Work item :: Exclude the images and repeat all remaining entries exactly.

Crawled caption data:
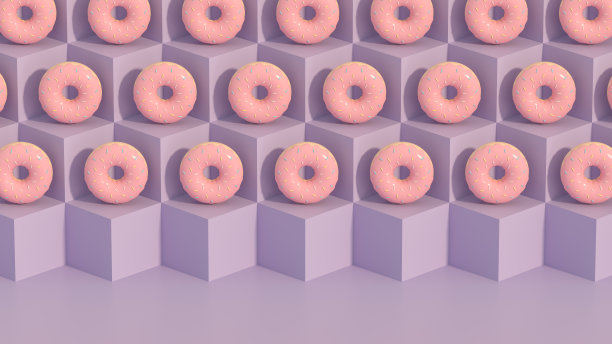 抽象甜甜圈的等距立方体背景图片下载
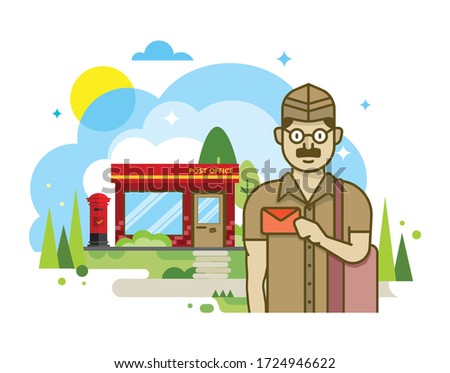 Illustration of postman delivering mail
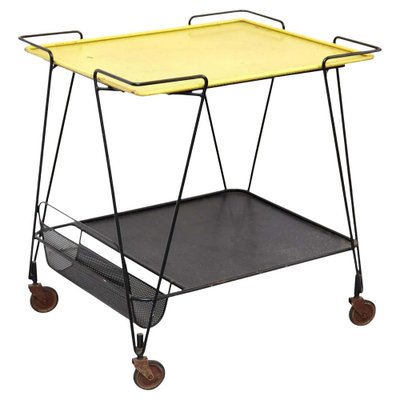 Yellow and Black Trolley attributed to Mathieu Matégot, 1950s-WM-1392919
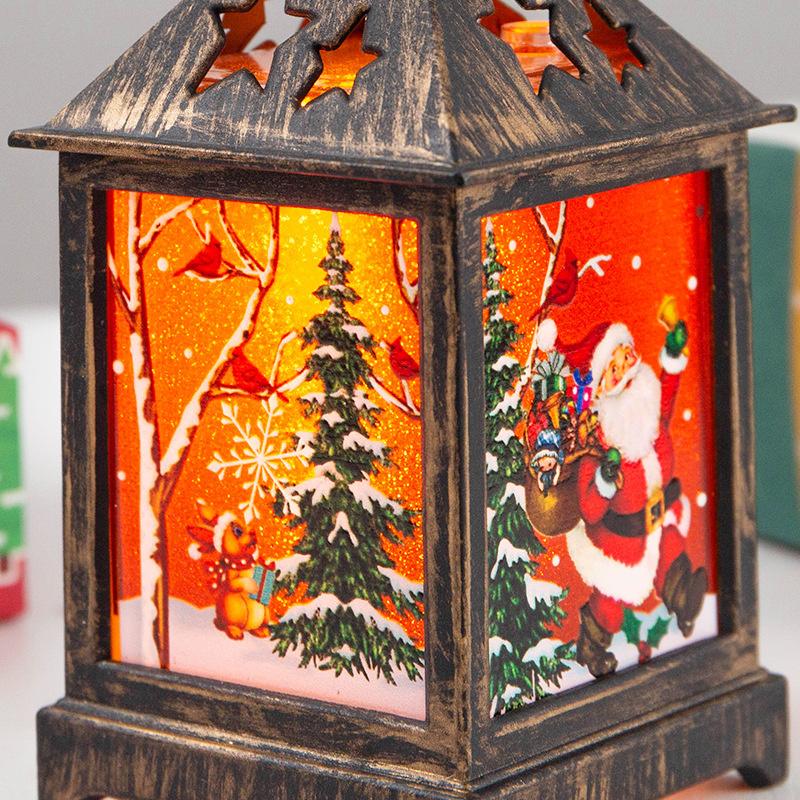 Christmas LED Light Creative Night Light Retro Wind Lantern Christmas Desktop Decoration Lights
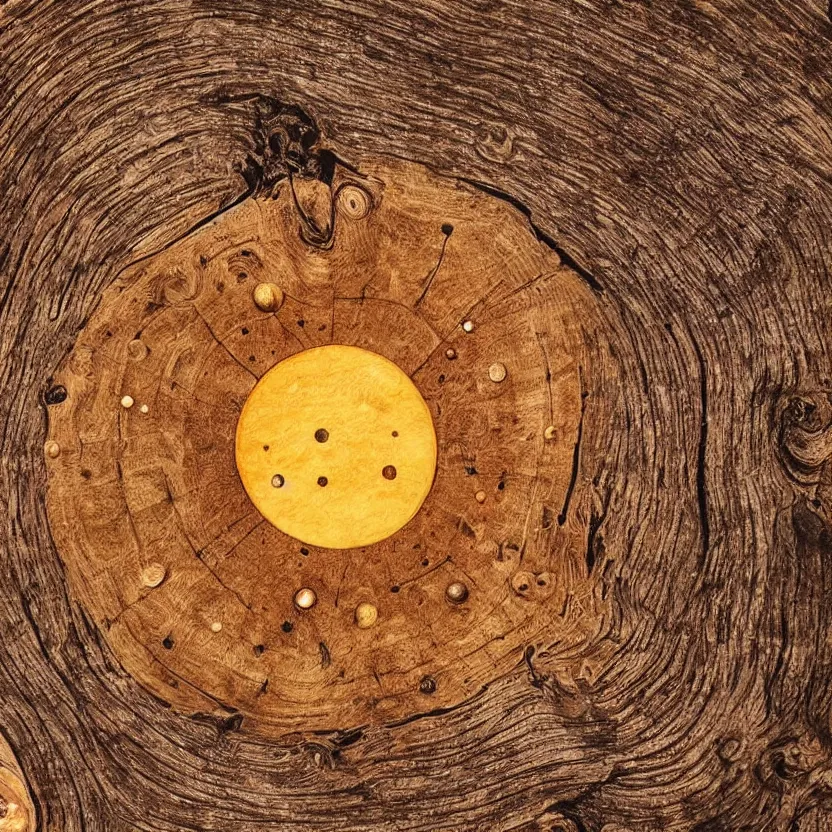 Prompt: wood engraving of a solar system burned into a slice of log, on a white background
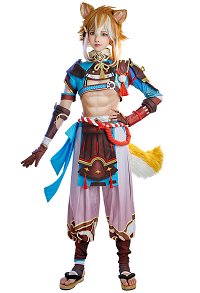 Genshin Impact Gorou Short Top and Pants Set Cosplay Costume with Apron and Headdress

Expected answer ::
 抽象甜甜圈的等距立方体背景图片下载
 Illustration of postman delivering mail
 Yellow and Black Trolley attributed to Mathieu Matégot, 1950s-WM-1392919
 Christmas LED Light Creative Night Light Retro Wind Lantern Christmas Desktop Decoration Lights
 Prompt: wood engraving of a solar system burned into a slice of log, on a white background
 Genshin Impact Gorou Short Top and Pants Set Cosplay Costume with Apron and Headdress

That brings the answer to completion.